*** EXCERPTED DATA ***
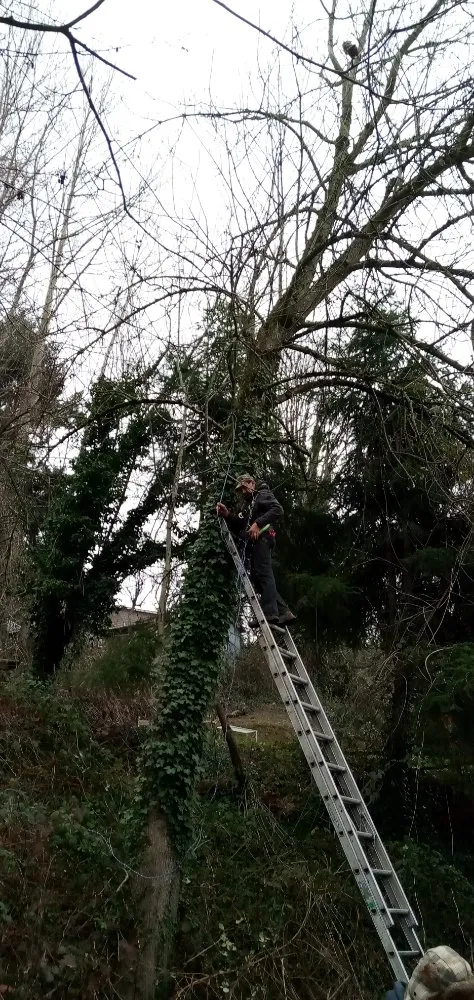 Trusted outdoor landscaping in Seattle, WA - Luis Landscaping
*** End of EXCERPTED DATA ***
*** EXCERPTED DATA ***
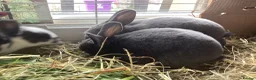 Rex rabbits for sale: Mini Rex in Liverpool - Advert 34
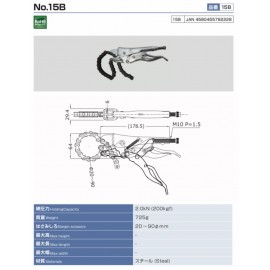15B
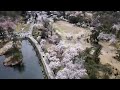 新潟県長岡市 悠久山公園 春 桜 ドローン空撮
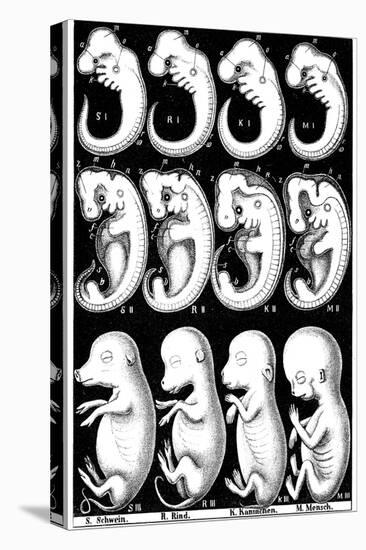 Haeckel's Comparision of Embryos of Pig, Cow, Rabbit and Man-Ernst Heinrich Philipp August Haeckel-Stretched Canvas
*** End of EXCERPTED DATA ***
WHAT IS EXPECTED:
Pictures excluded, transcribe the listing above exactly from the line with "新潟県長岡市 悠久山公園 春 桜 ドローン空撮" through the line with "Haeckel's Comparision of", and no further.

EXERCISE SOLUTION:
 新潟県長岡市 悠久山公園 春 桜 ドローン空撮
 Haeckel's Comparision of Embryos of Pig, Cow, Rabbit and Man-Ernst Heinrich Philipp August Haeckel-Stretched Canvas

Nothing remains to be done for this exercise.